▸ **Activity**: In the records below, the line that contains "Varios policías vigilan" marks the start. Copy it and each line after it through the end, exactly, without pictures.

Input data: Begin

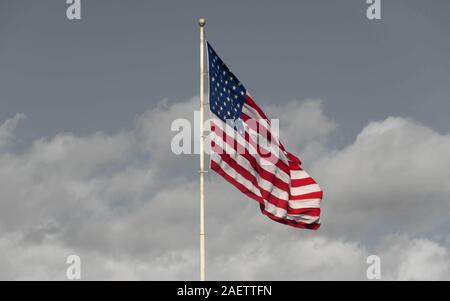 Brandir le drapeau américain dans le ciel Banque D'Images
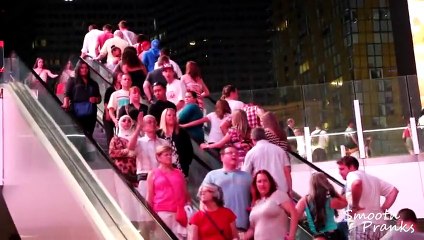 Escalator Pickpocketing in Las Vegas!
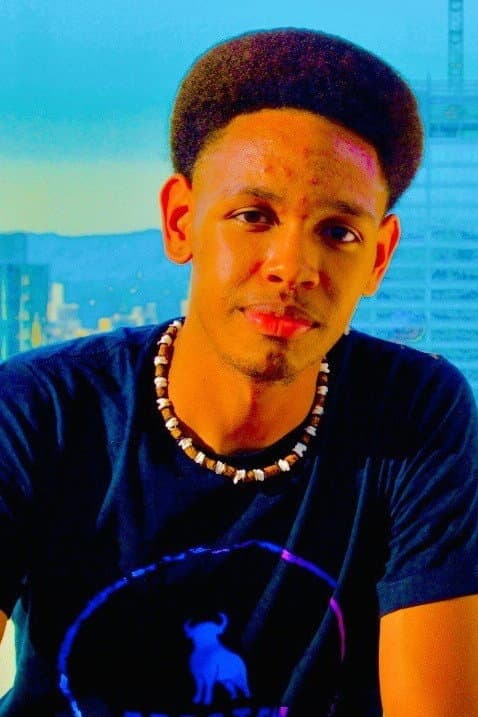 Christian J Smith profile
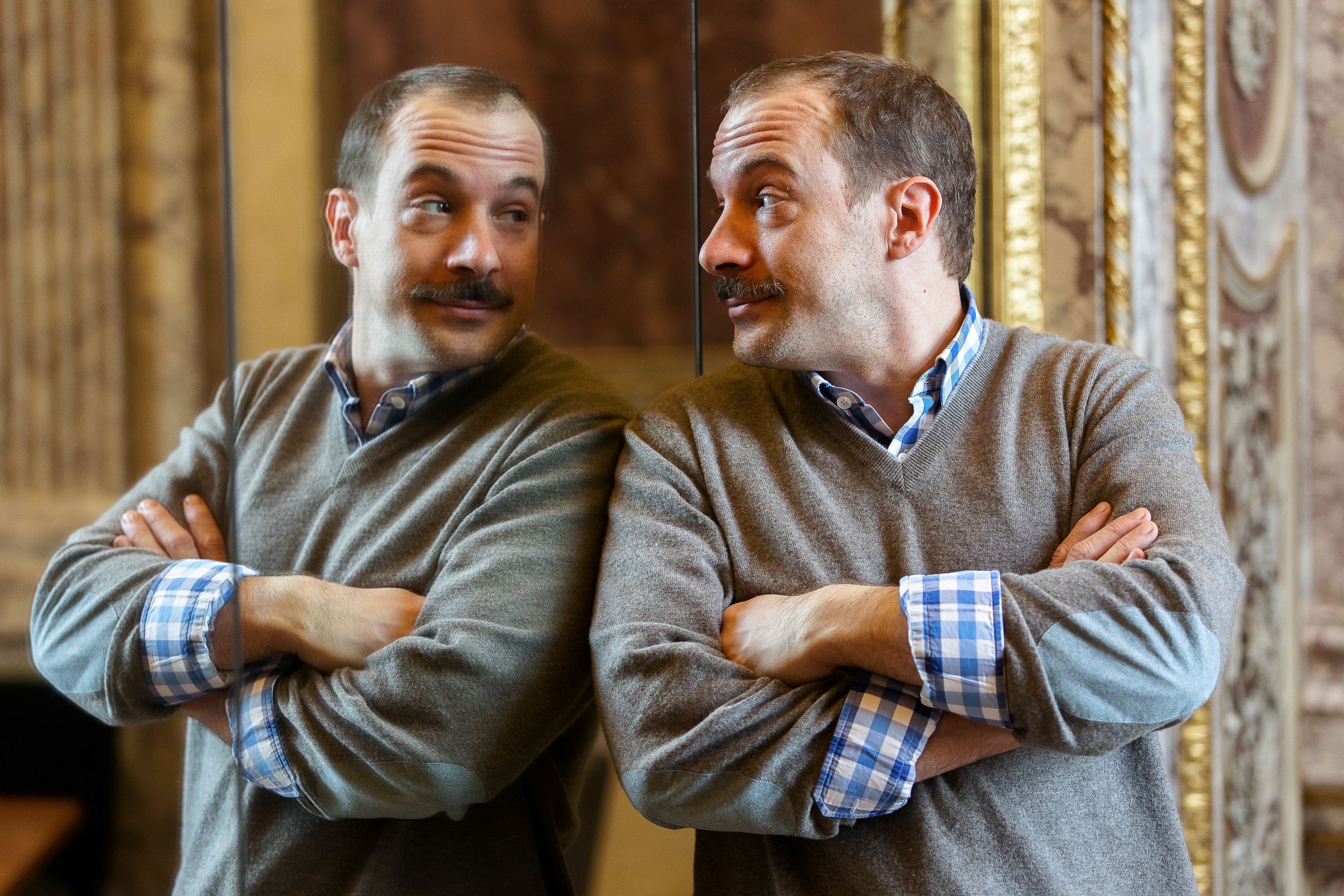 Teichtmeister absolvierte nach der Matura das Max Reinhardt Seminar, eine Schauspielschule in Wien. 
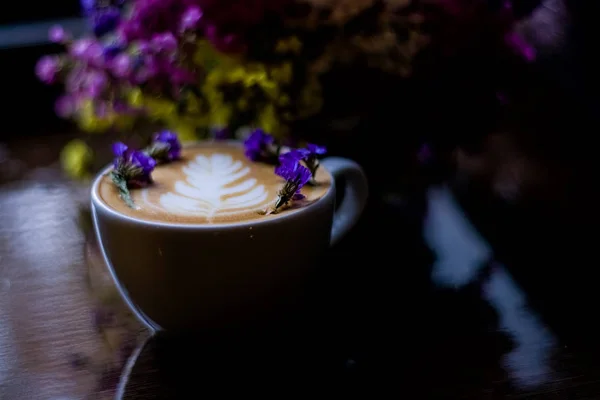 Cangkir Putih Cappuccino Keramik Dengan Seni Latte Dan Sedikit Bunga — Stok Foto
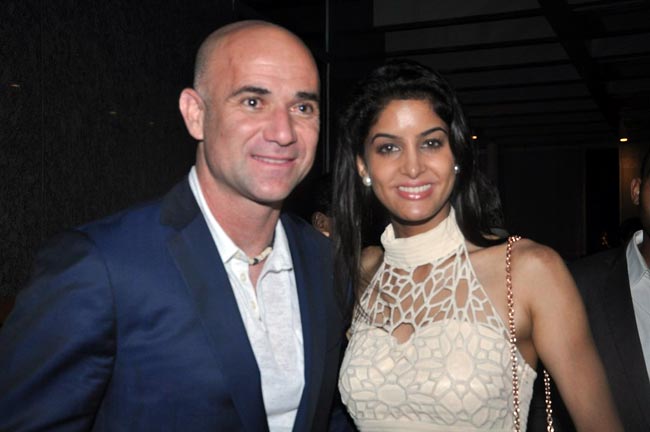 टेनिस चैंप अगासी को बॉलीवुड 'परियों' का सलाम |  सितारों की मस्‍ती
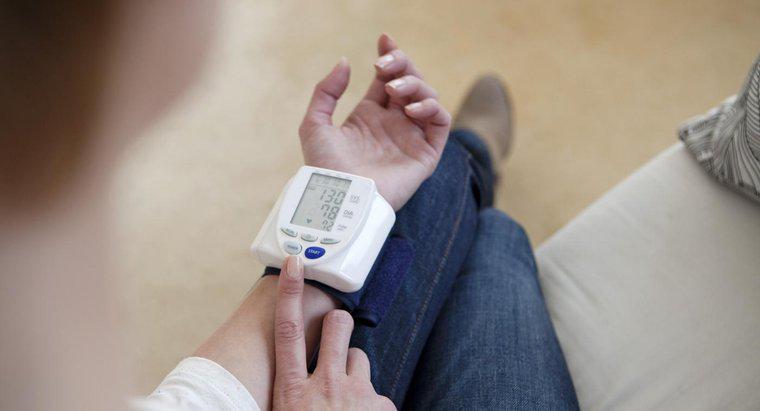Wie können Sie Ihren Blutdruck zu Hause messen?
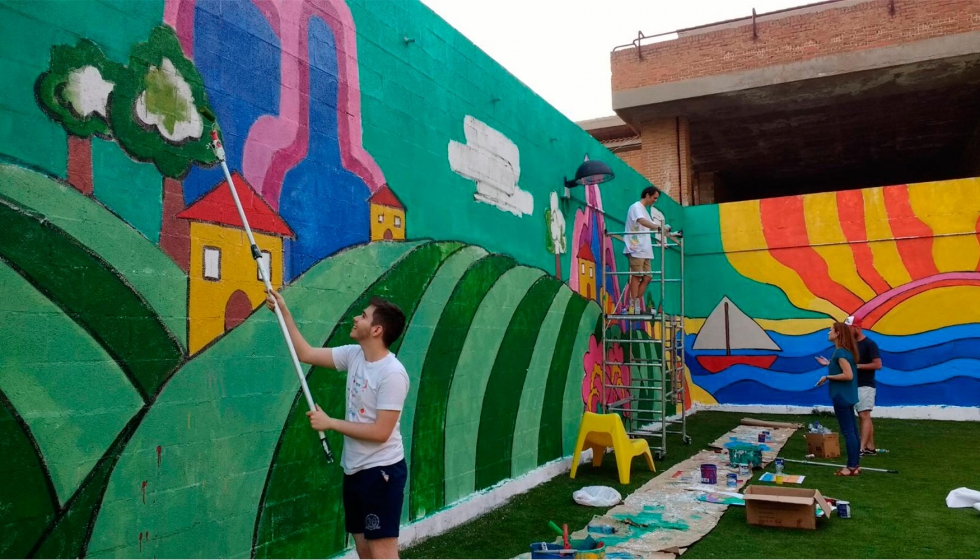 Varios alumnos del Grado en Diseo Multimedia y Grfico de ESNE han sido los encargados del diseo y del pintado del muro exterior de la zona...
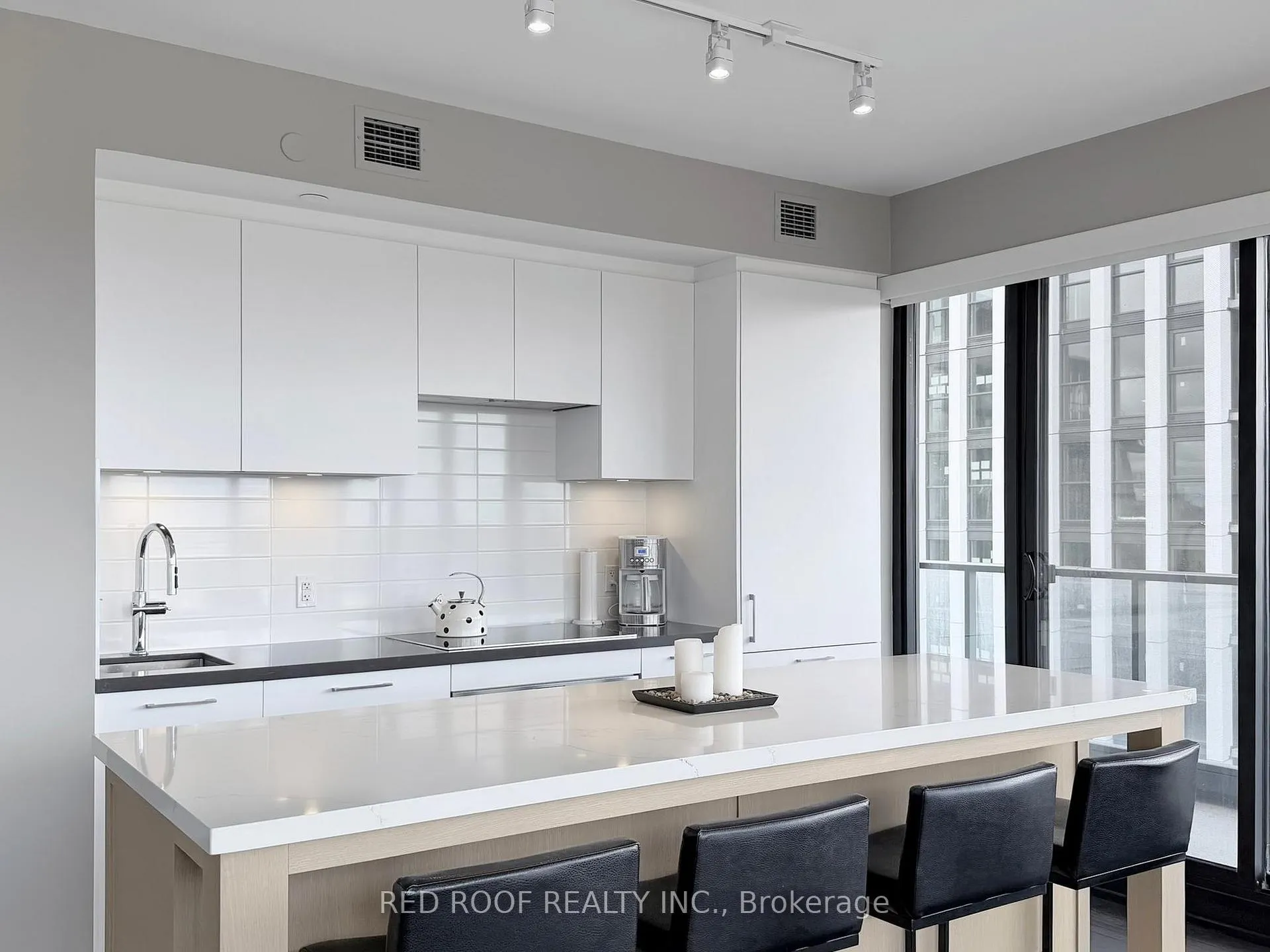 Photo 11 of Unit 1401, 33 Frederick Todd Way, Toronto, Thorncliffe Park — HOMEH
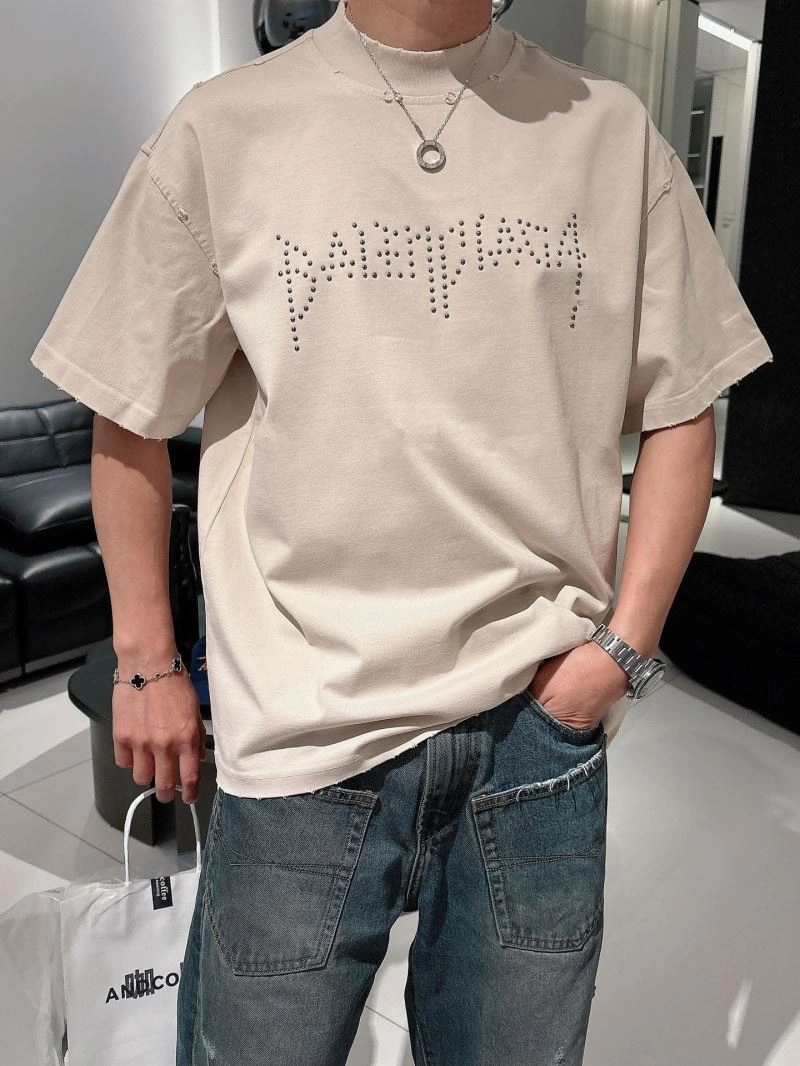 Balenciaga T-Shirts Elegant 97171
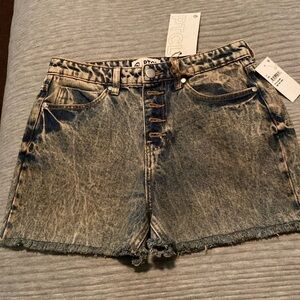 PTCL ethically friendly Indigo Tint Washed Button Fly  jean shorts size 27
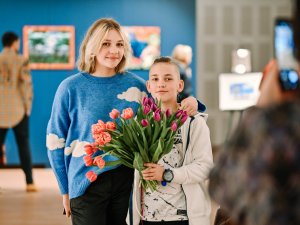 “Siguldas devonā” atklāta Līvas Pakalnes Fanelli izstāde “Maigās ilūzijas” 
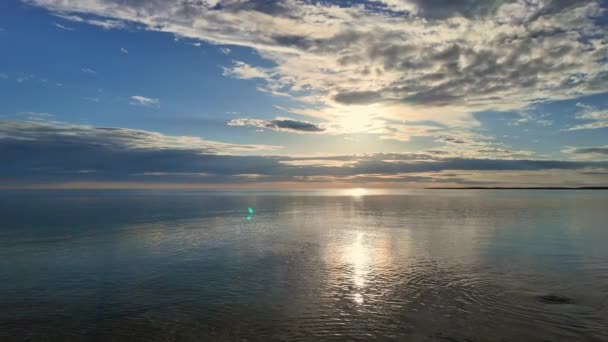 Prince Edward County Beach Στο Οντάριο Δείτε Ηλιοβασίλεμα Ηρεμία Λίμνη — Αρχείο Βίντεο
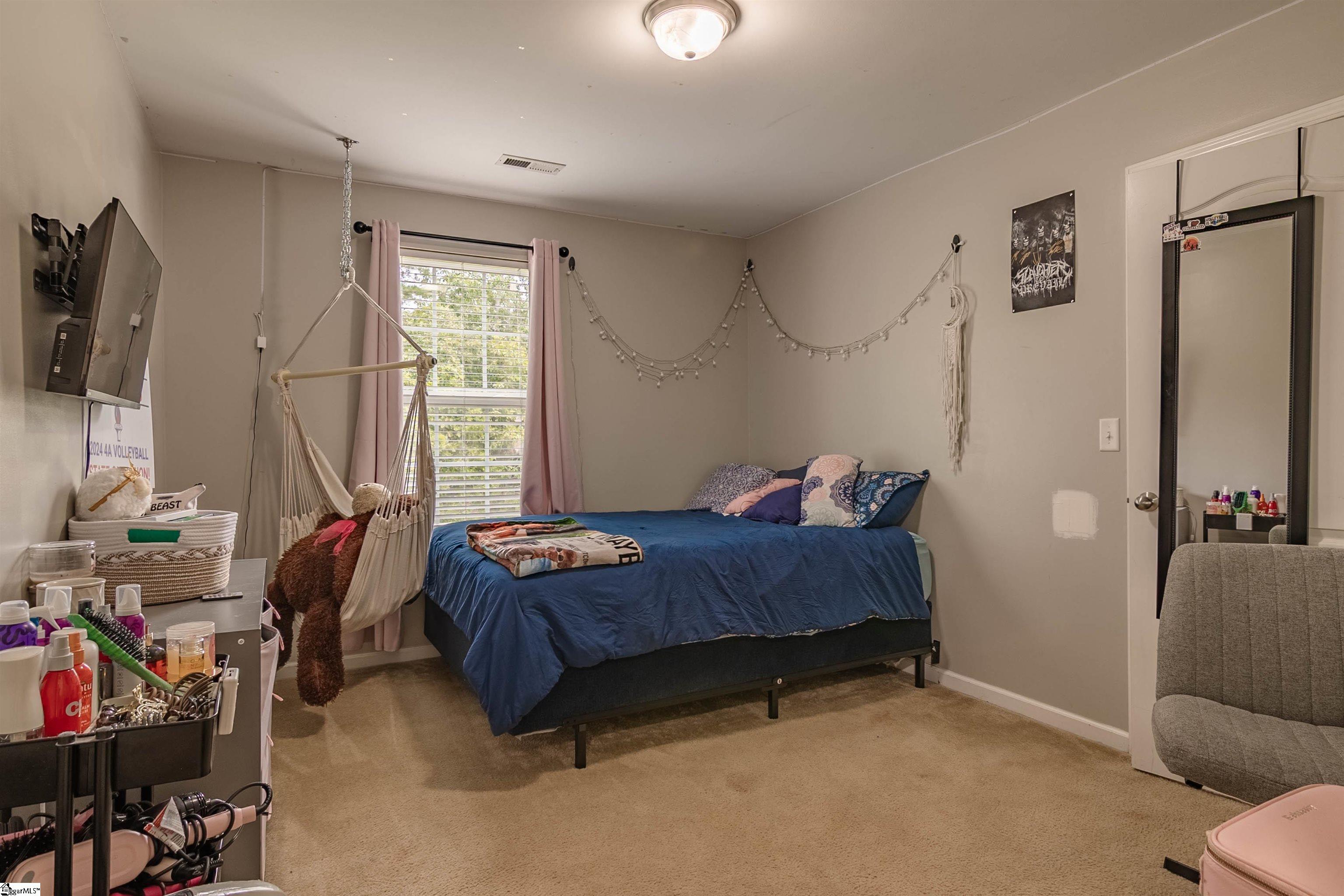 Pickens, South Carolina 29671, United States, 4 Bedrooms Bedrooms, ,3 BathroomsBathrooms,Residential,Active,196941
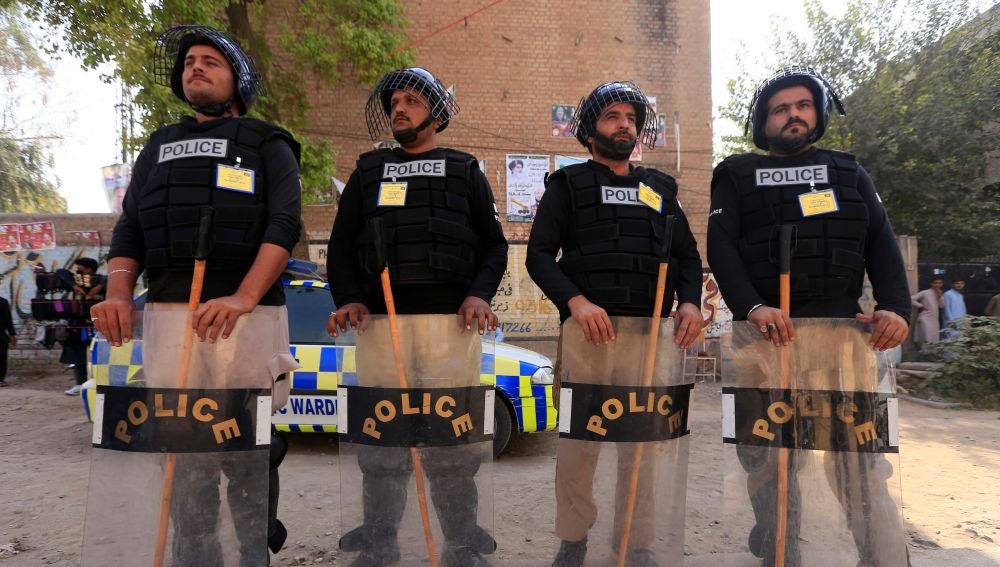 Varios policías vigilan un colegio electoral en Pakistán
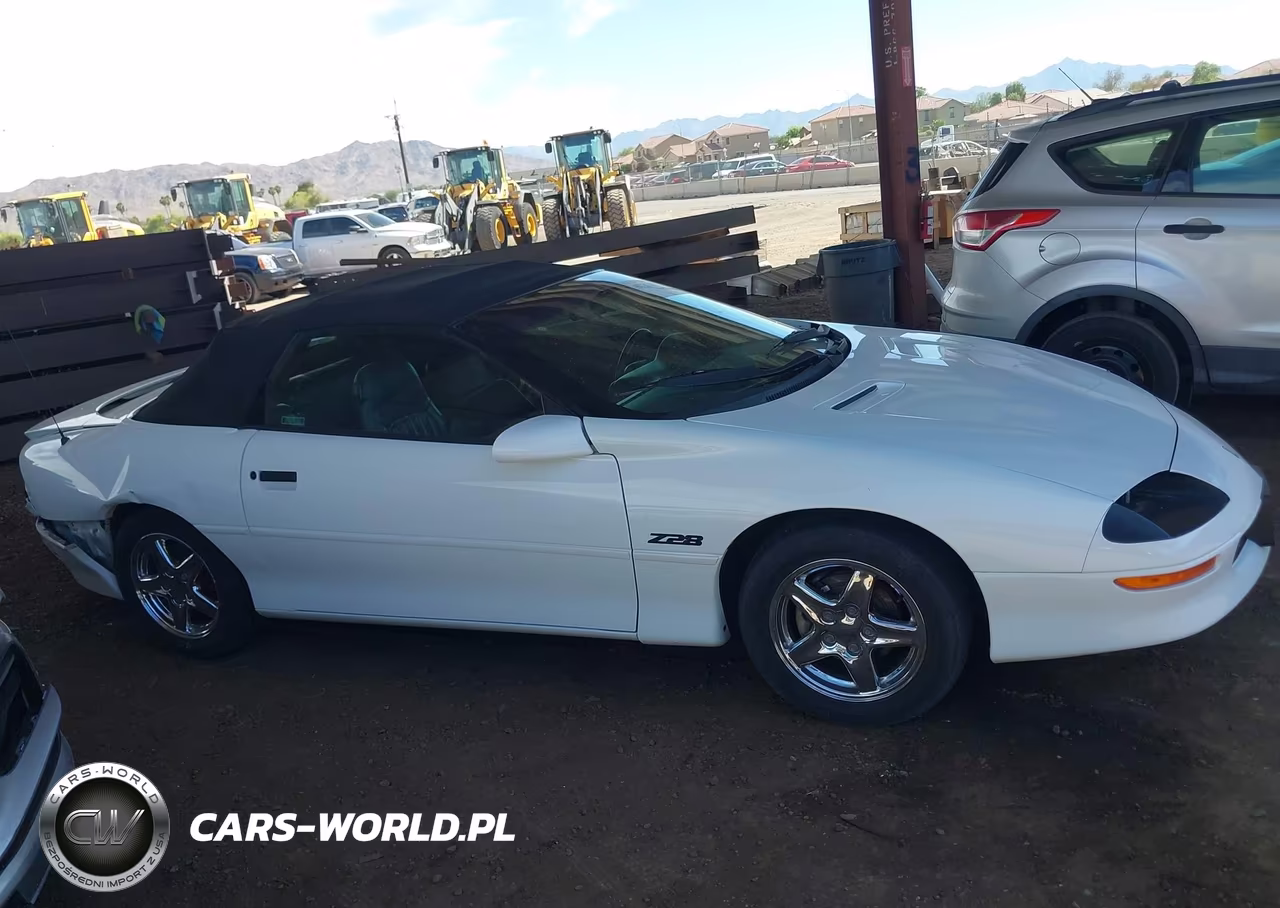 1997 Chevrolet Camaro Z28 VIN:2G1FP32P4V2115779 - 13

Input data: End

▸ **Completed exercise**:
 Varios policías vigilan un colegio electoral en Pakistán
 1997 Chevrolet Camaro Z28 VIN:2G1FP32P4V2115779 - 13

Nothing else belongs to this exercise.